Anda di halaman 1dari 14

RESUME

REZIM HAK ASASI MANUSIA

DAN KEDAULATAN NEGARA DALAM HUKUM INTERNASIONAL

Disusun untuk Memenuhi Tugas Rezim Internasional

Dosen Pengampu :
Sugiarto Pramono, SIP, MA, Ph.D

Disusun oleh :
Yora Berta Angelika
21102021074

PROGRAM STUDI HUBUNGAN INTERNASIONAL

FAKULTAS ILMU SOSIAL DAN ILMU POLITIK

UNIVERSITAS WAHID HASYIM SEMARANG


2022/2023

BAB I

PENDAHULUAN

Hak Asasi Manusia (HAM) adalah salah satu istilah yang popular saat ini. Hampir
semua berkaitan dengan HAM, yang secara luas dianggap sebagai semacam ‘standard
kebenaran’. Antara lain yang mungkin paling dekat adalah ketika gubernur DKI Jakarta
Basuki Tjahja Purnama dinyatakan bersalah dalam sidang penodaan agama, PBB bahkan
berkomentar bahwa hal ini melanggar HAM dan Indonesia harus menghapus Pasal
Penistaan Agama. Ketika Aceh menerapkan Syariat Islam, maka ada teriakan-teriakan
yang sama dari para komunitas HAM.

HAM pun yang disebut-sebut untuk mereformasi berbagai hal, termasuk


normalisasi dan legalisasi LGBT (Lesbian, Gay, Bisexual, Transgenders). Bahkan,
laporan yang disampaikan khusus di muka General Assembly United Nations (UN) tidak
segan mengatakan bahwa penyiksaan yang dilakukan menurut hukum agama adalah
bertentangan dengan HAM dan harus dihapuskan.

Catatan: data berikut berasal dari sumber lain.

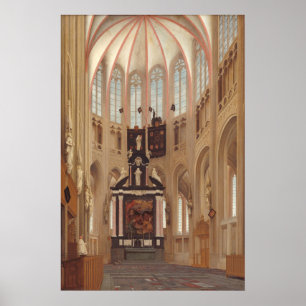 Cathedral Saint John - P Saenredam Fine Art Poster
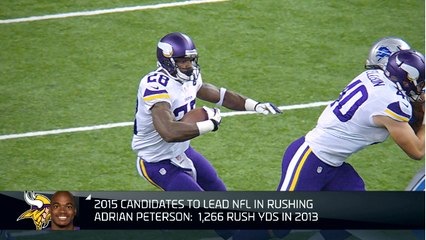 Who will lead the NFL in rushing in 2015?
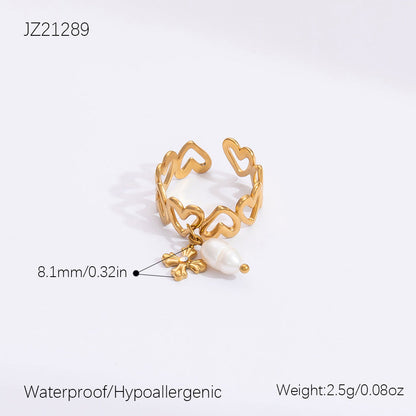 Gold Hollow Cross Earrings with Zircon Stones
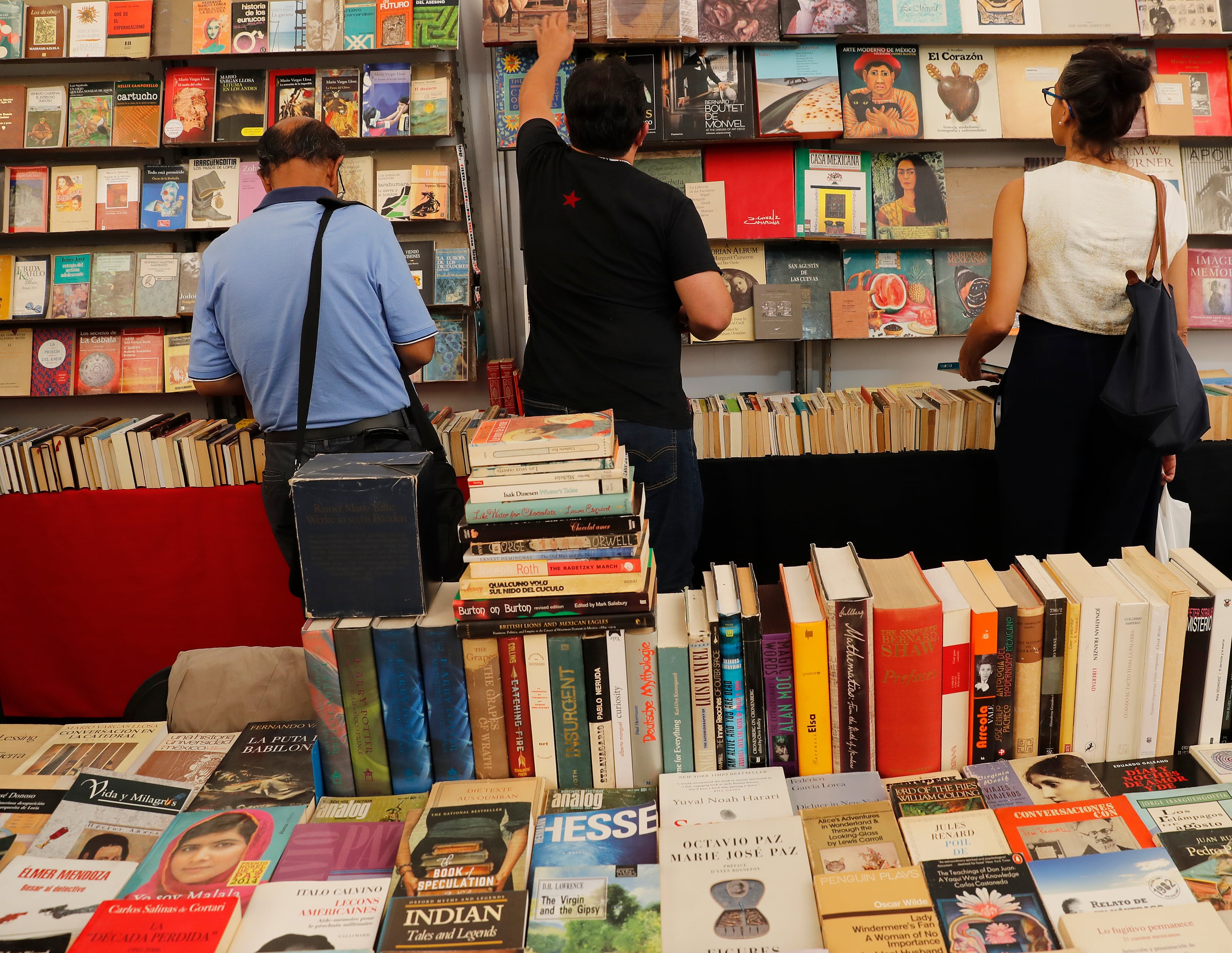 Imagen de una feria de libros. (EFE/ Mario Guzmán/EFE/ ARCHIVO)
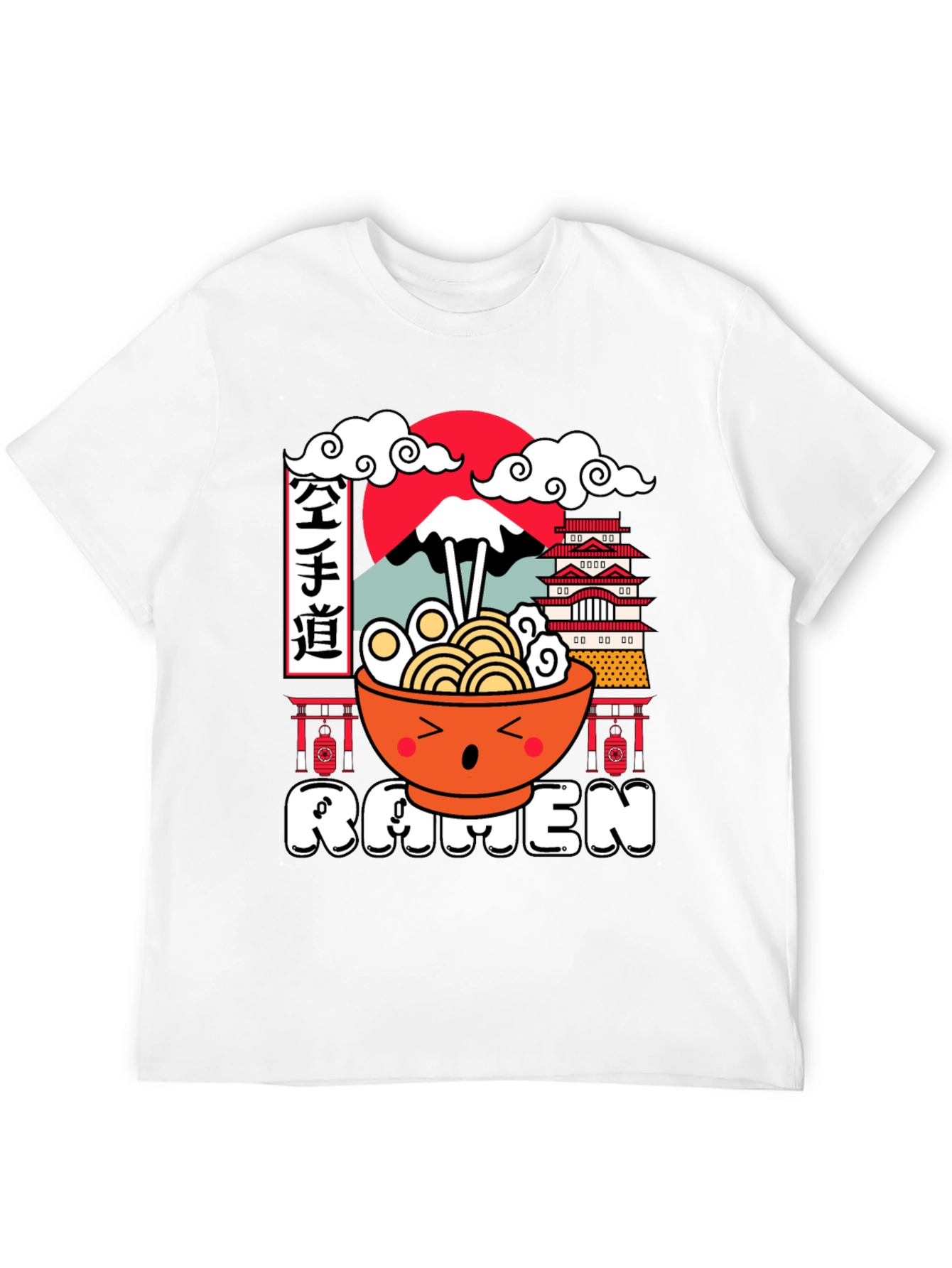 Kawaii Ramen Graphic Tee - Japanese Food Shirt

Hukum internasional juga merupakan sesuatu yang sangat berdampak pada umat
manusia sekarang, apalagi di bawah rezim PBB. Sejak tahun 1945 ketika piagam PBB
pertama kali disusun, Hak Asasi Manusia pertama kali secara resmi diakui sebagai bagian
dari hukum internasional. Hukum internasional mengakui bahwa suatu negara memiliki
kedaulatan, dan ini kurang lebih mirip dengan hukum nasional yang mengakui bahwa
seorang manusia memiliki kebebasan.

Paper ini akan memaparkan hubungan antara Hak Asasi Manusia, Hukum Internasional,
serta kedaulatan negara.
BAB II

PEMBAHASAN

A. Hukum Inetrnasional

1. Tentang Hukum Internasional

Hukum adalah kumpulan aturan yang menjadi konvensi di antara semua ulama,
tapi mereka berbeda dari mana kumpulan aturan itu berasal.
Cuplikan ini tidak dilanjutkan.